--- Given data ---
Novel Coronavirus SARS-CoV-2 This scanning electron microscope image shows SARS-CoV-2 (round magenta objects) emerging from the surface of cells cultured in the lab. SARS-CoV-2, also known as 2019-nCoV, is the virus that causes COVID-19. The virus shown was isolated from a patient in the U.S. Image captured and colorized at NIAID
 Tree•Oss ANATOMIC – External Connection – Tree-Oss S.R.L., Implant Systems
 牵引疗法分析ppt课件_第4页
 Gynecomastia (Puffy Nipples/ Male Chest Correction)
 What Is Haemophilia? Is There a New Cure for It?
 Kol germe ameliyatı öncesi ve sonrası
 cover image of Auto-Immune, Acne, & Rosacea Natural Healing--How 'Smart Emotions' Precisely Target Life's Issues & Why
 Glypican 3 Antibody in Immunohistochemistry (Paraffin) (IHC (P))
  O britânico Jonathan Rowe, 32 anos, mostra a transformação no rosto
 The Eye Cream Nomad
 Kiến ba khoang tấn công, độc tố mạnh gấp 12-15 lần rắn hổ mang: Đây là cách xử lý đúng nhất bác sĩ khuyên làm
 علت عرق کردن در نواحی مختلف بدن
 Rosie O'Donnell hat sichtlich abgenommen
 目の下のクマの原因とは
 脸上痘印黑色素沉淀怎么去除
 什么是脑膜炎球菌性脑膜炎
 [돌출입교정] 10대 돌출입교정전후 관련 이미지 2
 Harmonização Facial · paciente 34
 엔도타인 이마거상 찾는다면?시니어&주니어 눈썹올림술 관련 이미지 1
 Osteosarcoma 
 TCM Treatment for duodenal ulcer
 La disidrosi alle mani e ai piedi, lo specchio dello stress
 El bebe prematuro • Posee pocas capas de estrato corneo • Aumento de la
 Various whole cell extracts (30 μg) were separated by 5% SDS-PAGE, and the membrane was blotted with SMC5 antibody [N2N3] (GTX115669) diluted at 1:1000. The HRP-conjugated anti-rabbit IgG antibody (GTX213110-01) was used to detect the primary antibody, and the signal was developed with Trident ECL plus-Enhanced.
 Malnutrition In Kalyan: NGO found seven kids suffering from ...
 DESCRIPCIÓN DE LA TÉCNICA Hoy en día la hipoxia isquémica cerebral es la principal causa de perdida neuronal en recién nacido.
---
Output the full listing above once again, verbatim.

_Reply to the task_
Novel Coronavirus SARS-CoV-2 This scanning electron microscope image shows SARS-CoV-2 (round magenta objects) emerging from the surface of cells cultured in the lab. SARS-CoV-2, also known as 2019-nCoV, is the virus that causes COVID-19. The virus shown was isolated from a patient in the U.S. Image captured and colorized at NIAID
 Tree•Oss ANATOMIC – External Connection – Tree-Oss S.R.L., Implant Systems
 牵引疗法分析ppt课件_第4页
 Gynecomastia (Puffy Nipples/ Male Chest Correction)
 What Is Haemophilia? Is There a New Cure for It?
 Kol germe ameliyatı öncesi ve sonrası
 cover image of Auto-Immune, Acne, & Rosacea Natural Healing--How 'Smart Emotions' Precisely Target Life's Issues & Why
 Glypican 3 Antibody in Immunohistochemistry (Paraffin) (IHC (P))
  O britânico Jonathan Rowe, 32 anos, mostra a transformação no rosto
 The Eye Cream Nomad
 Kiến ba khoang tấn công, độc tố mạnh gấp 12-15 lần rắn hổ mang: Đây là cách xử lý đúng nhất bác sĩ khuyên làm
 علت عرق کردن در نواحی مختلف بدن
 Rosie O'Donnell hat sichtlich abgenommen
 目の下のクマの原因とは
 脸上痘印黑色素沉淀怎么去除
 什么是脑膜炎球菌性脑膜炎
 [돌출입교정] 10대 돌출입교정전후 관련 이미지 2
 Harmonização Facial · paciente 34
 엔도타인 이마거상 찾는다면?시니어&주니어 눈썹올림술 관련 이미지 1
 Osteosarcoma 
 TCM Treatment for duodenal ulcer
 La disidrosi alle mani e ai piedi, lo specchio dello stress
 El bebe prematuro • Posee pocas capas de estrato corneo • Aumento de la
 Various whole cell extracts (30 μg) were separated by 5% SDS-PAGE, and the membrane was blotted with SMC5 antibody [N2N3] (GTX115669) diluted at 1:1000. The HRP-conjugated anti-rabbit IgG antibody (GTX213110-01) was used to detect the primary antibody, and the signal was developed with Trident ECL plus-Enhanced.
 Malnutrition In Kalyan: NGO found seven kids suffering from ...
 DESCRIPCIÓN DE LA TÉCNICA Hoy en día la hipoxia isquémica cerebral es la principal causa de perdida neuronal en recién nacido.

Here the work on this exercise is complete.